SUPPLIED INFORMATION:

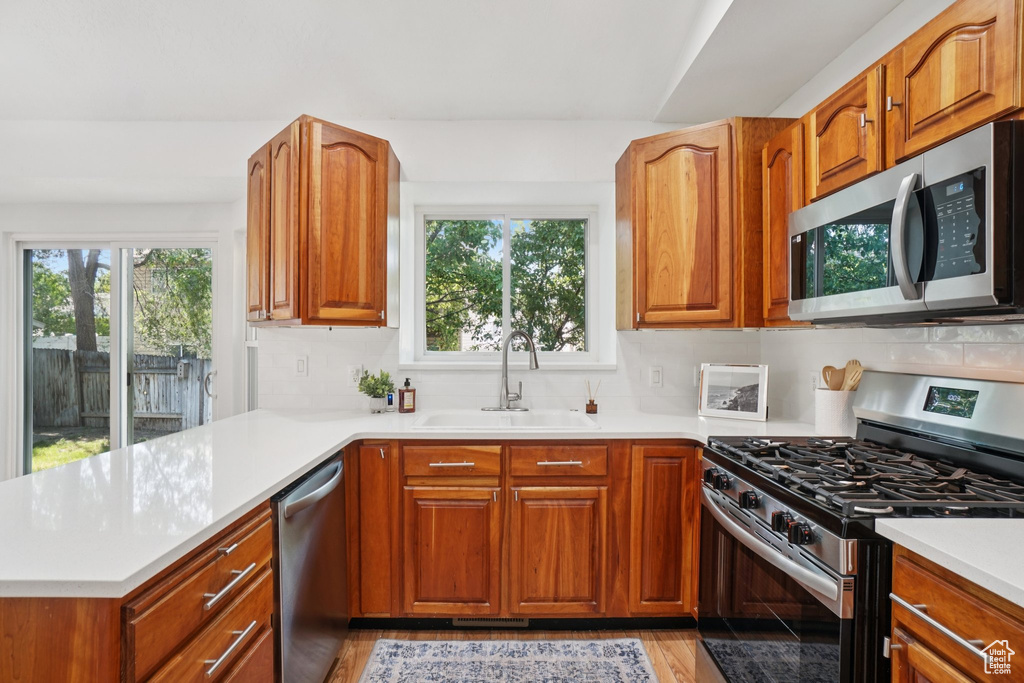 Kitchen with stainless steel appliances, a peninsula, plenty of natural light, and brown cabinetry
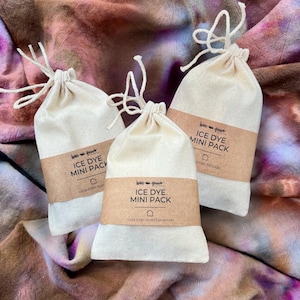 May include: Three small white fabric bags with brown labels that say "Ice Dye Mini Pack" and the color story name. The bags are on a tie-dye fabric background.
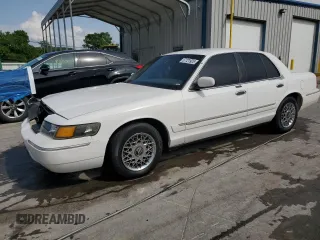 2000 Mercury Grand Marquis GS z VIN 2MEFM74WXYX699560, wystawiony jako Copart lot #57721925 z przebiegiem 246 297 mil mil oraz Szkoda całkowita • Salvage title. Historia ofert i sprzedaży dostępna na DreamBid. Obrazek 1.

--

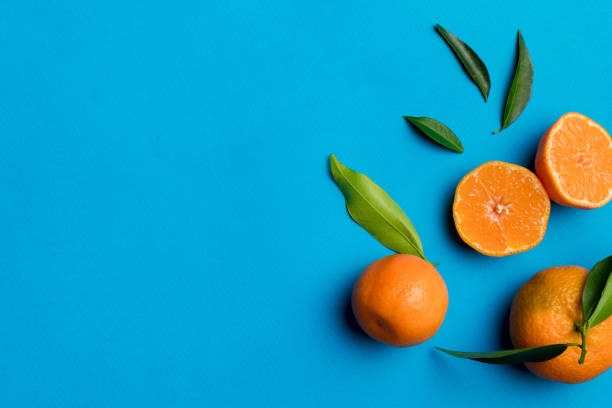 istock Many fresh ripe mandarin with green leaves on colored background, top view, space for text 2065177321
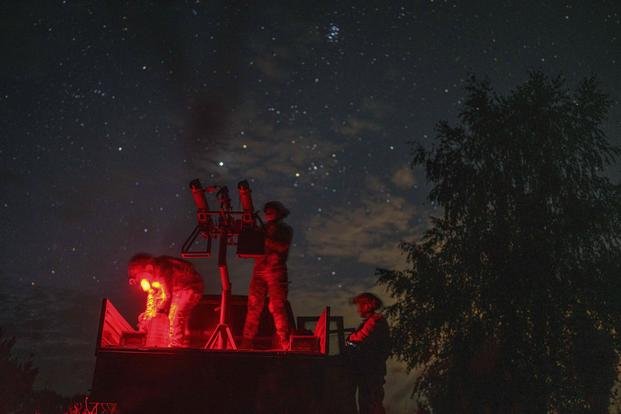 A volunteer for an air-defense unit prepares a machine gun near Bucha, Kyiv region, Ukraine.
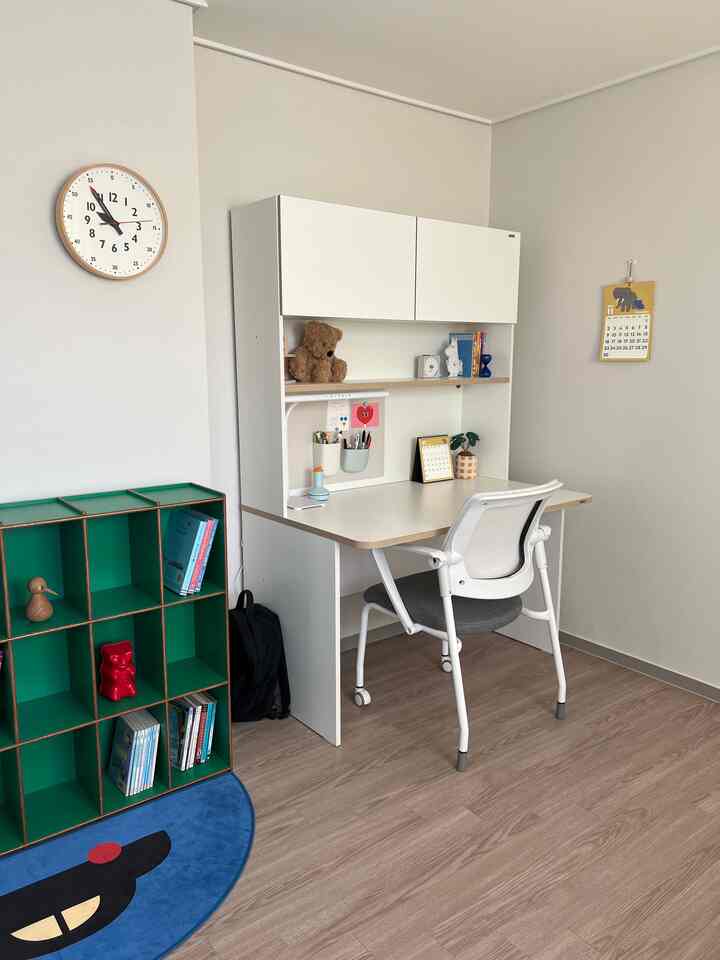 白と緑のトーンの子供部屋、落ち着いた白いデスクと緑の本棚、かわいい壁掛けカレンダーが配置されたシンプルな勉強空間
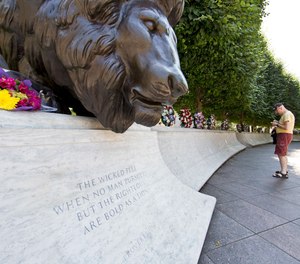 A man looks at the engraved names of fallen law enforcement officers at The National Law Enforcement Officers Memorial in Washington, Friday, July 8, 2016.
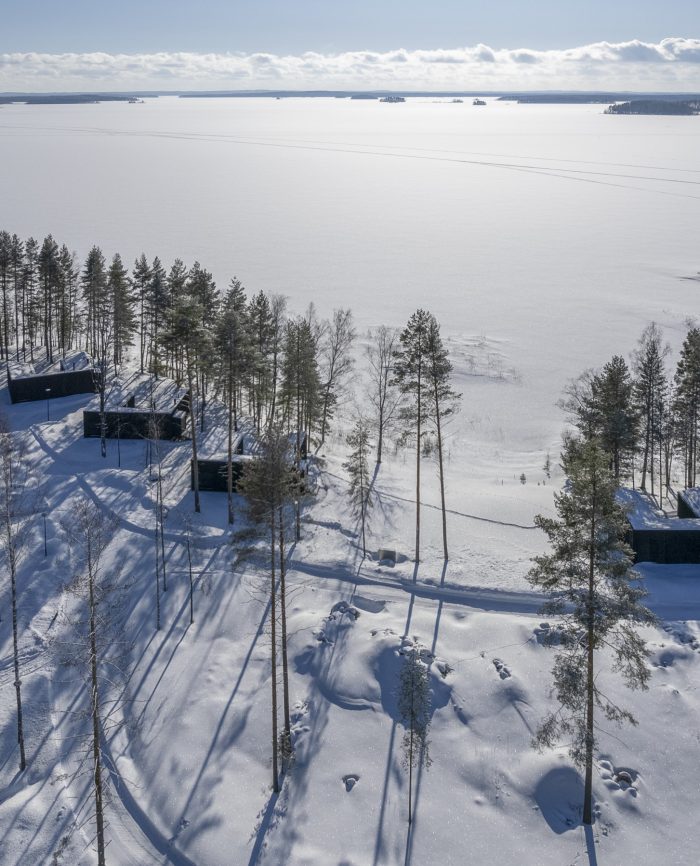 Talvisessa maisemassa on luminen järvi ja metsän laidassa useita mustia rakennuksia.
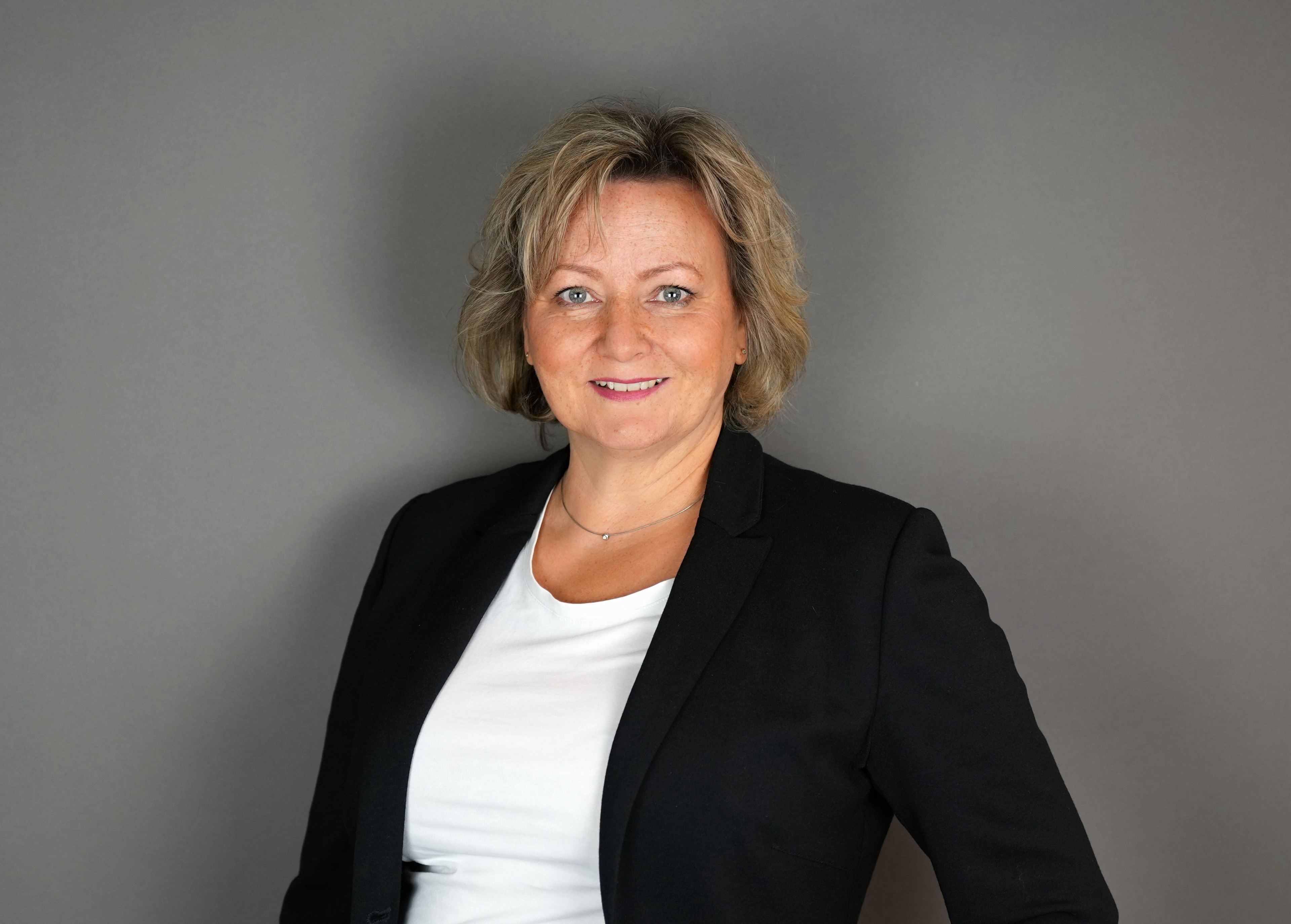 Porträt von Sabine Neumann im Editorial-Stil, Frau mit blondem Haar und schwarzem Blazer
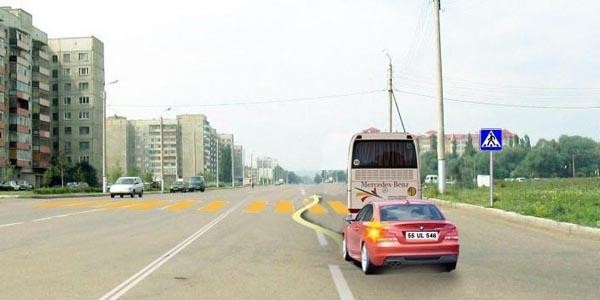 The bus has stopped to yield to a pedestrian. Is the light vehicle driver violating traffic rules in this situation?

INSTRUCTIONS TO FOLLOW:
In the listing above, find the line with "Kitchen with stainless" and the line with "2000 Mercury Grand". Copy exactly those lines and all between them, minus the images.

RESULT:
 Kitchen with stainless steel appliances, a peninsula, plenty of natural light, and brown cabinetry
 May include: Three small white fabric bags with brown labels that say "Ice Dye Mini Pack" and the color story name. The bags are on a tie-dye fabric background.
 2000 Mercury Grand Marquis GS z VIN 2MEFM74WXYX699560, wystawiony jako Copart lot #57721925 z przebiegiem 246 297 mil mil oraz Szkoda całkowita • Salvage title. Historia ofert i sprzedaży dostępna na DreamBid. Obrazek 1.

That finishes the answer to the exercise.